● **Your objective**: Beginning with the line that includes "コーヒー豆の等級を決める4つの基準" and ending with the last line, print the records exactly, leaving every picture out.

● **Records provided**:
━━━

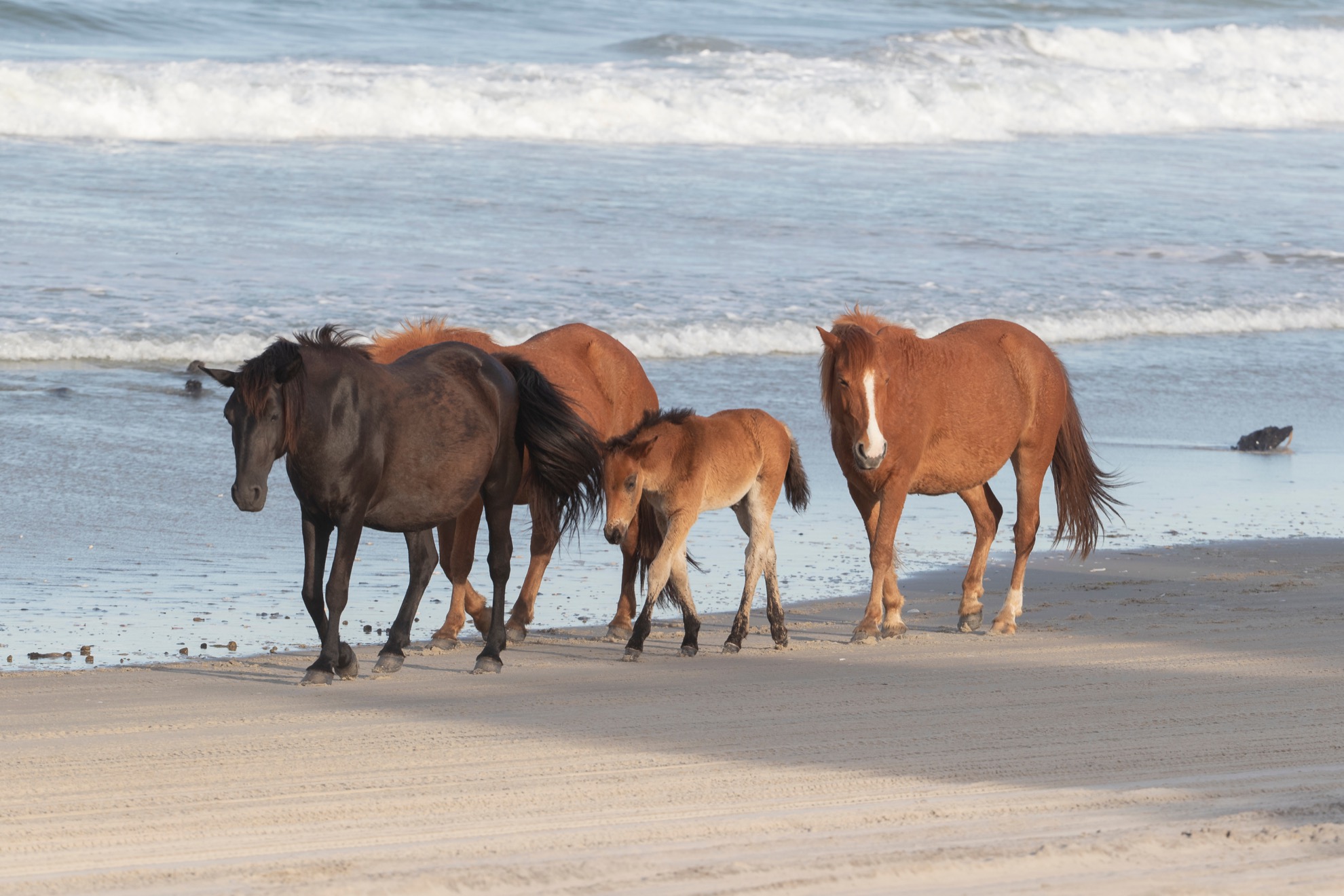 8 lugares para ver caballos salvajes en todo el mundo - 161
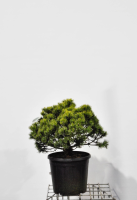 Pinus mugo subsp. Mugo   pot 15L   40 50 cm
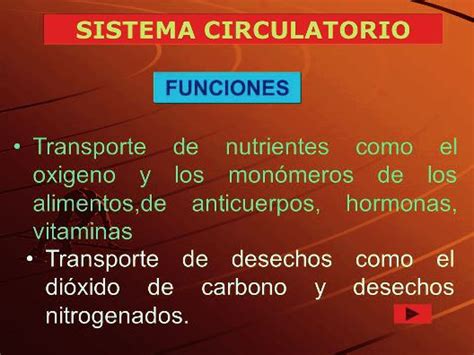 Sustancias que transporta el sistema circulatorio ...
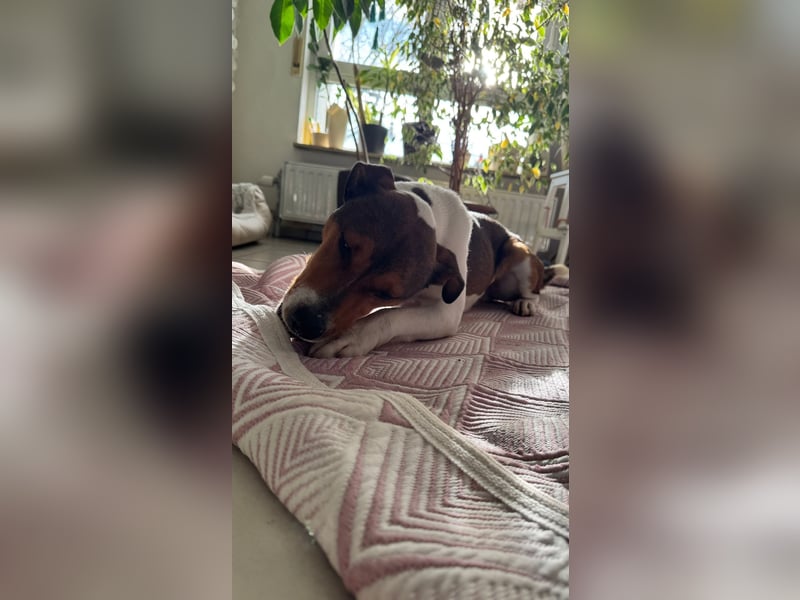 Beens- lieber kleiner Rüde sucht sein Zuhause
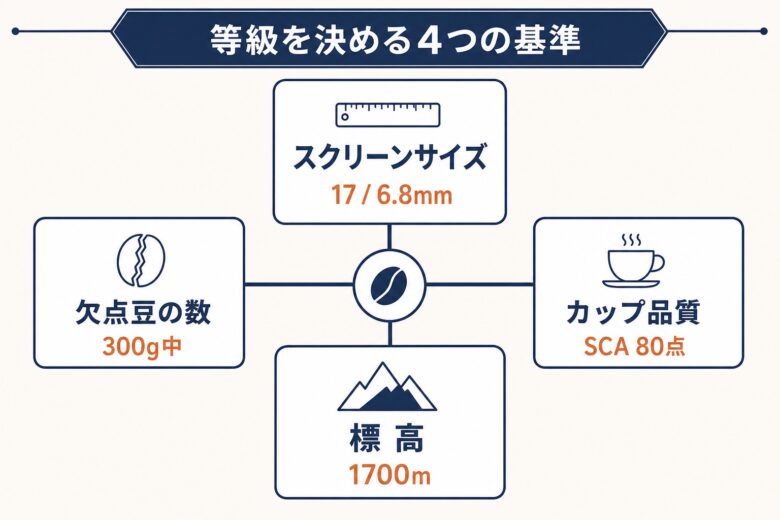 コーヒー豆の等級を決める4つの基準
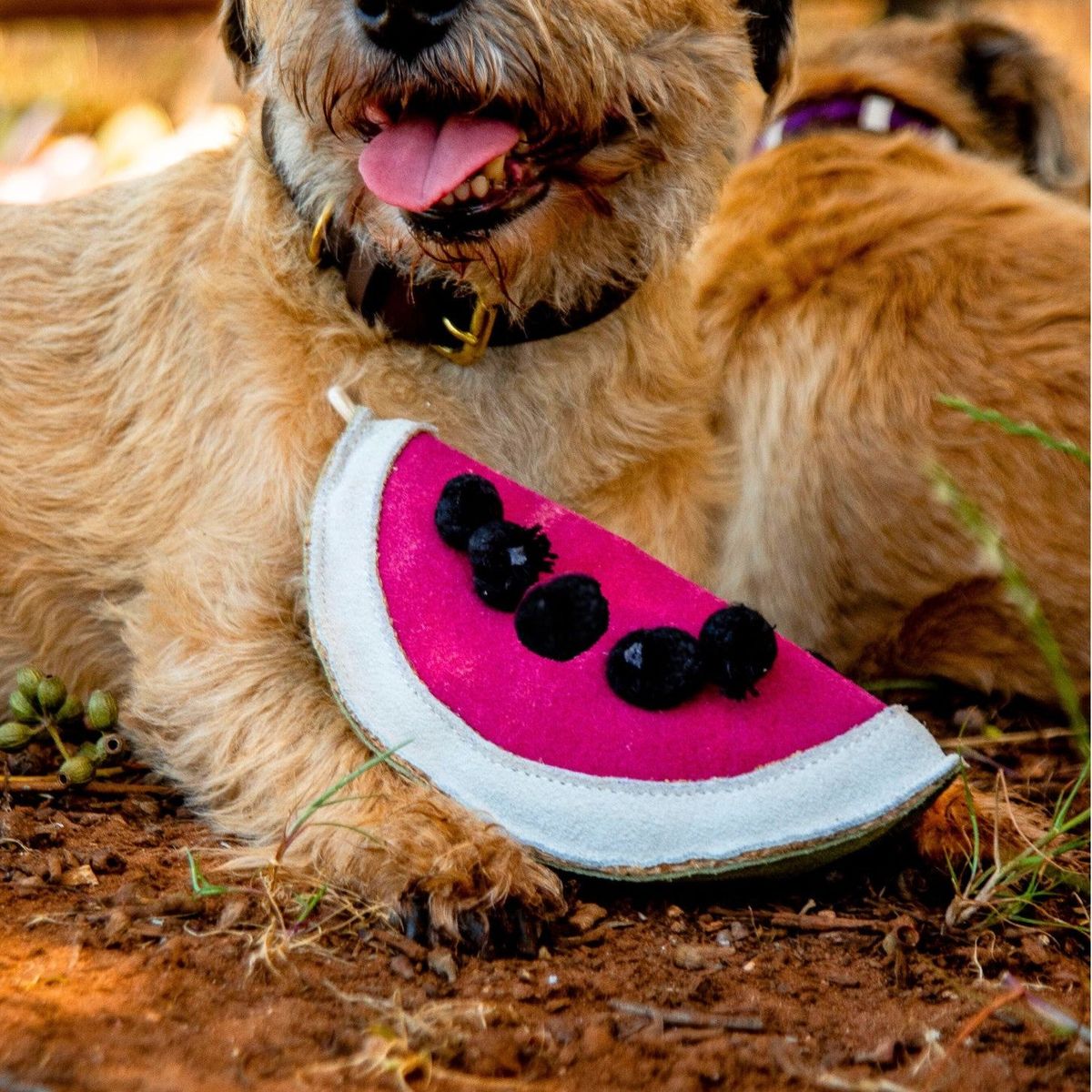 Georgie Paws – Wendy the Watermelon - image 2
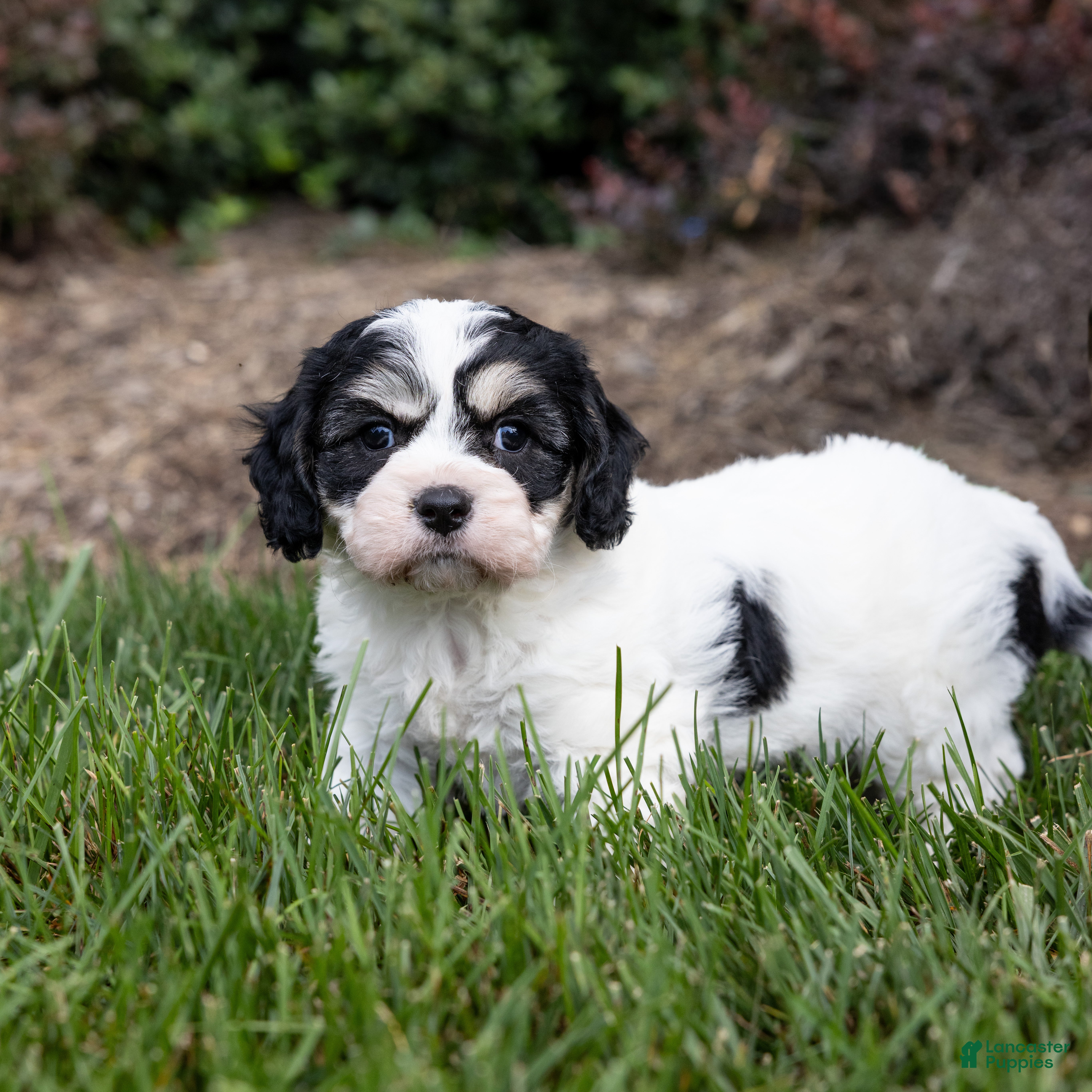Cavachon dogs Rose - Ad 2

━━━

● **Result of this task**:
 コーヒー豆の等級を決める4つの基準
 Georgie Paws – Wendy the Watermelon - image 2
Cavachon dogs Rose - Ad 2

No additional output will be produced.